By collecting the anonymous cellphone location data from nearly two million Bostonians, MIT and Ford were able to produce near-instant urban mobility patterns that typically cost millions of dollars and take years to build.
The big data experiment holds the promise of more accurate and timely data about urban mobility patterns that can be used to quickly determine whether particular attempts to address local transportation needs are working.
In making decisions about infrastructure development and resource allocation, city planners rely on models of how people move through their cities -- on foot, in cars and by public transportation. Those models are largely based on socio-demographic information from costly, time-consuming manual surveys, which are in small sample sizes and infrequently updated. Cities might go more than a decade between surveys.
"In the U.S., every metropolitan area has a...metropolitan planning organization [MPO], and their main job is to use travel surveys to derive the travel demand model, which is their baseline for predicting and forecasting travel demand to build infrastructure," said Shan Jiang, a postdoctoral student in MIT's Human Mobility and Networks Lab. "So our method and model could be the next generation of tools for the planners to plan for the next generation of infrastructure."
The paper, titled TimeGeo: modeling urban mobility without travel surveys, describes how the researchers used call detailed records (CDRs) managed by mobile phone service providers. The CDRs, which are used for billing purposes, contain data in the form of geolocated traces of users across the globe.
The researchers collected a CDR data set of 1.92 million anonymous mobile phone users for a period of six weeks in the Greater Boston area. To have a control experiment, they also examined a donated set of self-collected mobile phone traces of a graduate student in the same region over a course of 14 months, recorded by a smartphone application.

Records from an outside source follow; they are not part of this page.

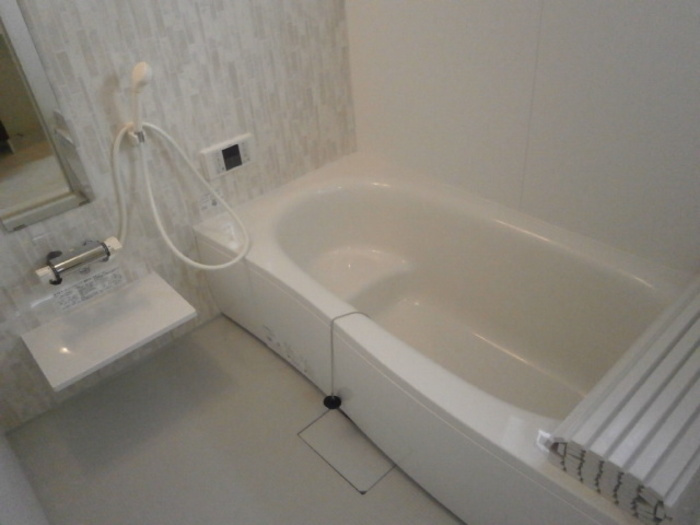 アンソレイエの浴室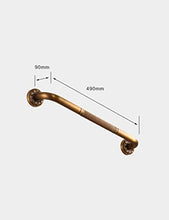 Maniglioni da Bagno Bagno Antico Antico corrimano Completa Rame bracciolo Bagno Antiscivolo Vecchio Sicuro corrimano Maniglie Accessori da Bagno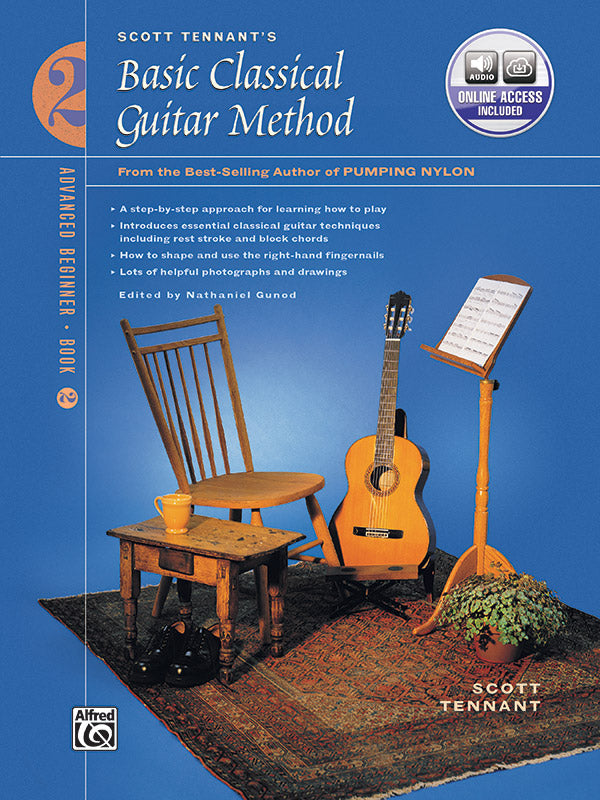 BASIC CLASSICAL GUITAR METHOD BK 2 BK/CD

By applying a big data algorithm the CDR data, the researchers were able to quickly assemble the kind of model of urban mobility patterns that typically takes years to build.
The Boston MPO's practices are fairly typical of a major cities. Boston conducted one urban mobility survey in 1994 and another in 2010. Its current mobility model, however, still uses data from 1994 because it's taken the intervening six years simply to sort through all the information collected in 2010. Only now has the work of organizing that newer data into a predictive model begun, the researchers explained.

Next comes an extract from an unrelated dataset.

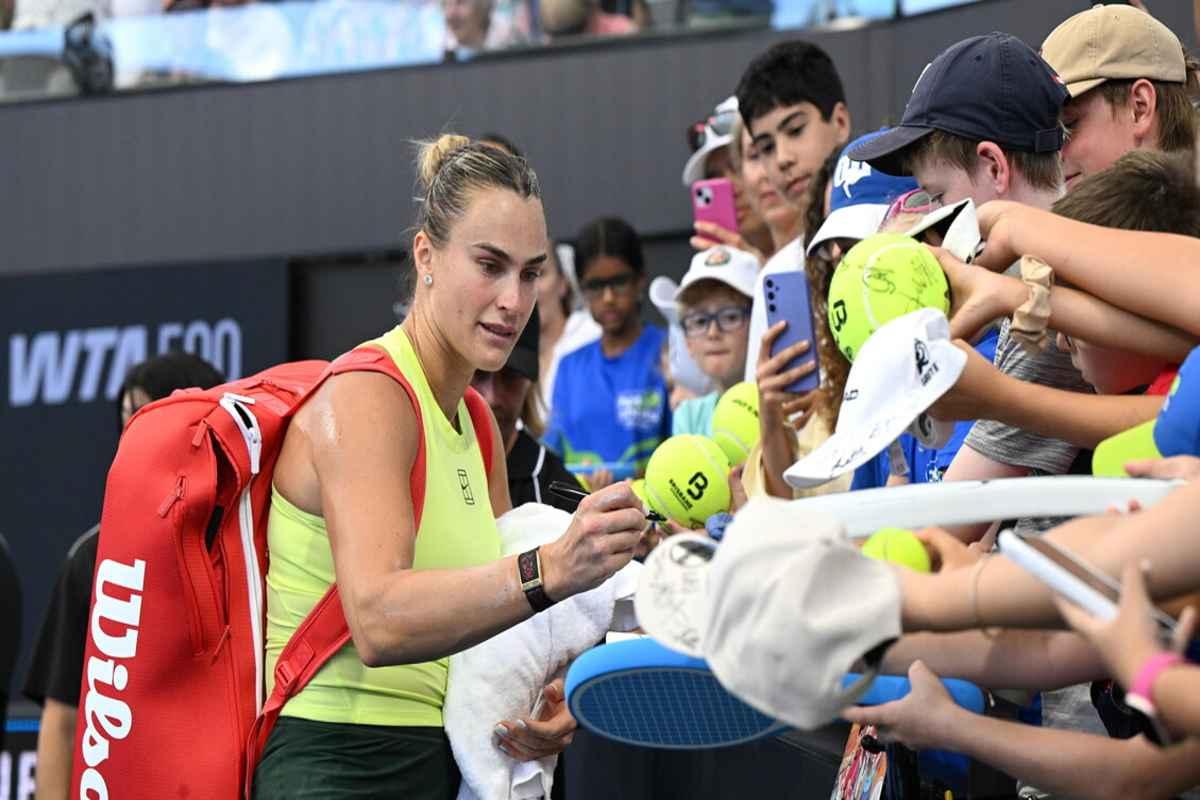 Sabalenka trionfa su Keys e conquista la semifinale a Brisbane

To validate the results of their research, the scientists from MIT and Ford's Palo Alto Research and Innovation Center compared it to the model currently used by Boston's MPO. "The two models accorded very well," the researchers said in a paper published in latest issue of the Proceedings of the National Academy of Sciences.

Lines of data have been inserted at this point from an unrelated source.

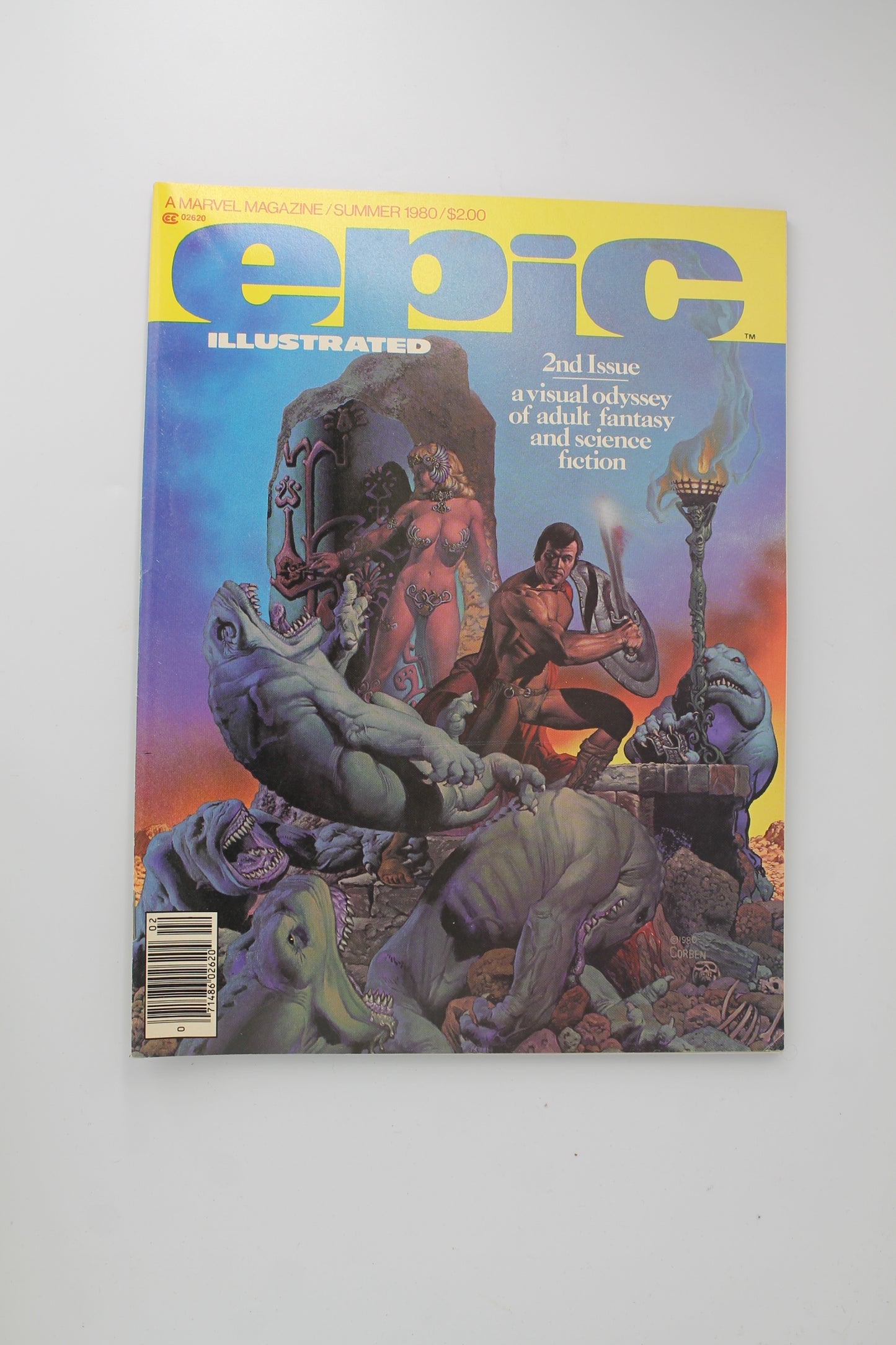 Epic Illustrated (volume 1, issues 1-10 )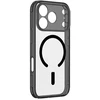 Dėklas AmazingThing Titan Pro Lens Case for iPhone 18 Pro with Camera Cover and Lanyard Mount, Compatible with MagSafe - Juodas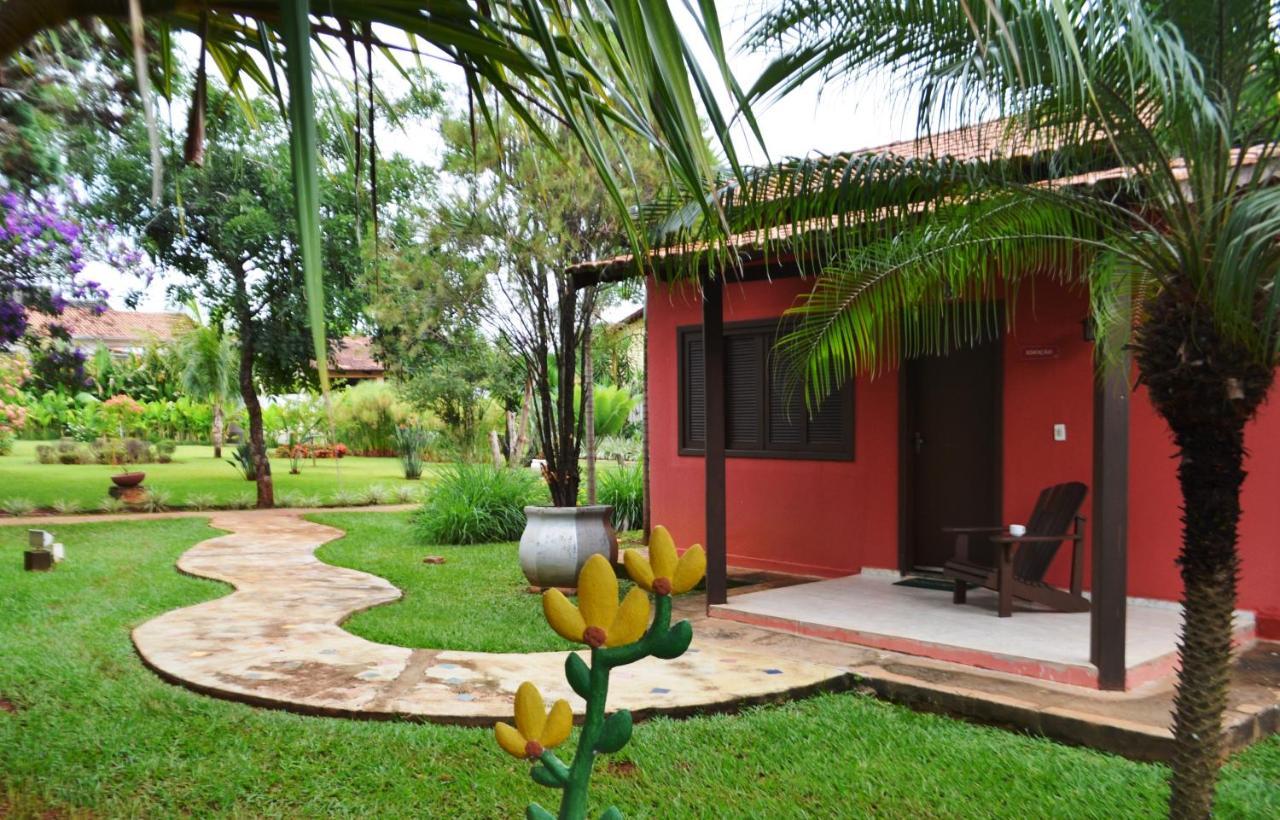 Rosa Spa E Pousada Aparecida de Goiania Exterior photo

"Mobile phones are the prevalent communication tools of the twenty-first century, with the worldwide coverage up to 96% of the population," the researchers said. "Mobile phone data have been useful so far to improve our knowledge on human mobility at unprecedented scale, informing us about the frequency and the number of visited locations over long term observations, daily mobility networks of individuals, and the distribution of trip distances."
While the sparse nature of mobile phone usage leads to samplings that tend to have biases because they don't offer complete journeys in space and time for each individual, the researchers were able to infer certain mobility patterns.
For example, their algorithm assumes the location from which a user departs in the morning and to which he or she returns at night is home. It also infers that the location of the longest recurring stays during weekday daytime hours is the user's workplace.
The algorithm assumes most people's workdays are in accordance with national averages, so if a user makes phone calls from work only between the hours of 12 p.m. and 2 p.m., the system does not interpret that as evidence of a two-hour workday — unless that interpretation is corroborated by other data, such as regular calls from home at 11:30 a.m. and 2:30 p.m.
Any locations other than work and home are treated alike. From the available data, the system builds a probabilistic mobility model for each user, breaking every day of the week into 10-minute increments. For each increment, the model indicates the likeliness of a location change, possible destinations and the amount of time likely to be spent at each destination. The system then generalizes those probabilities across communities, on the basis of census data, and deduces cumulative traffic flows from the resulting probability map.
"We are able to identify home locations for 1.44 million users which is 75% of our initial user base," the researchers said. "Next, we filter users who have more than 50 total stays and at least 10 home stays in the observation period."
Active cellphone users were labeled as commuters, which amounted to 133,448 individuals who have journey-to-work trips, and non-commuters, or 43,606 individuals, who have no journey-to-work trips.
"Our ability to correctly model urban daily activities for traffic control, energy consumption and urban planning have critical impacts on people's quality of life and the everyday functioning of our cities," the researchers said. "To inform policy making of important projects such as planning a new metro line and managing the traffic demand during big events, or to prepare for emergencies, we need reliable models of urban travel demand. These are models with high resolution that simulate individual mobility for an entire region."